The result should be an exact copy of only the lines from the one holding "How effective is" through the last line of the data below, please, without pictures.

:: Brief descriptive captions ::

===

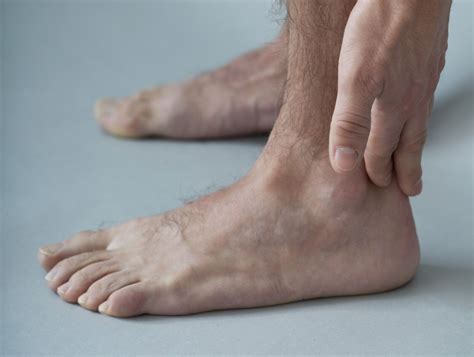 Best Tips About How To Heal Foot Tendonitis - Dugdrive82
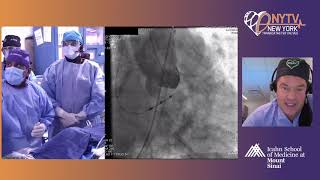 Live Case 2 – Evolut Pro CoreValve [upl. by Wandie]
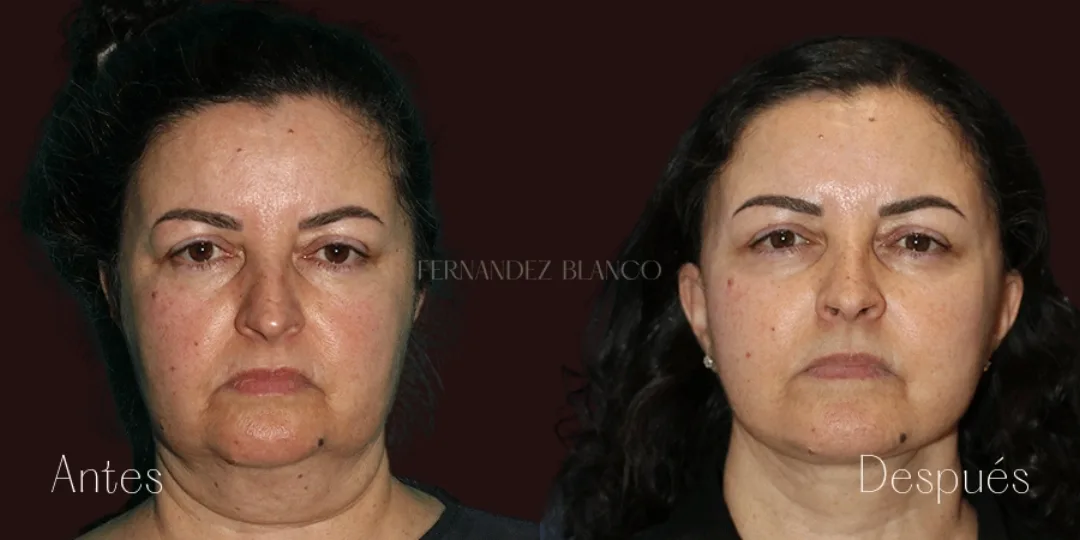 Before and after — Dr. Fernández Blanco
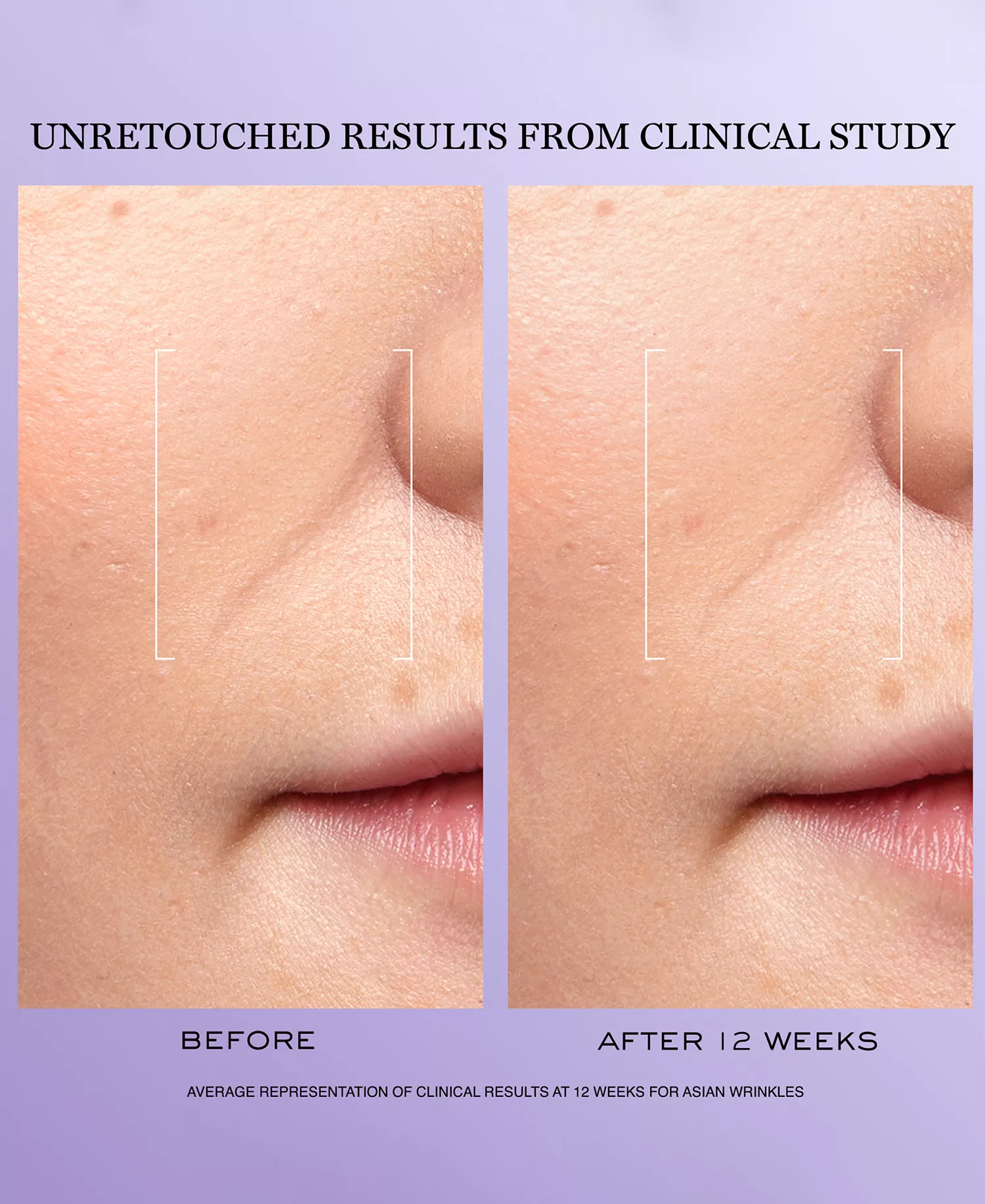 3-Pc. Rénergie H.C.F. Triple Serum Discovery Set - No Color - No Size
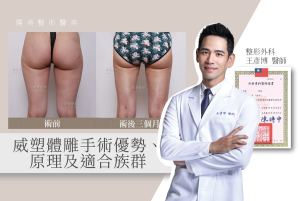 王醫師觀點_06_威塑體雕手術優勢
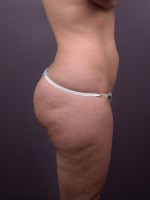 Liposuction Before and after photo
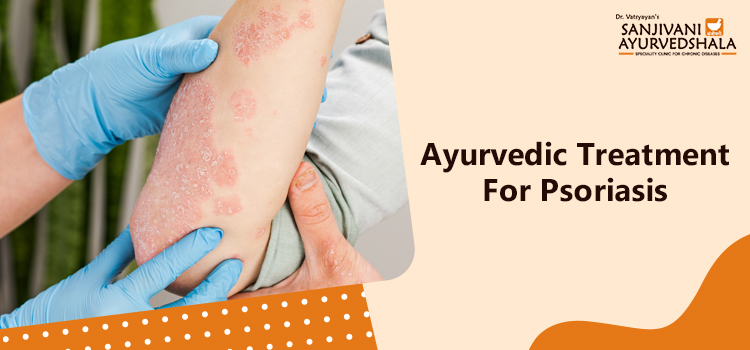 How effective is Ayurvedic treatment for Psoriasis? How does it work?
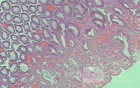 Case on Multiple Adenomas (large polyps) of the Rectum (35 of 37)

===

:: SOLUTION BELOW ::
 How effective is Ayurvedic treatment for Psoriasis? How does it work?
 Case on Multiple Adenomas (large polyps) of the Rectum (35 of 37)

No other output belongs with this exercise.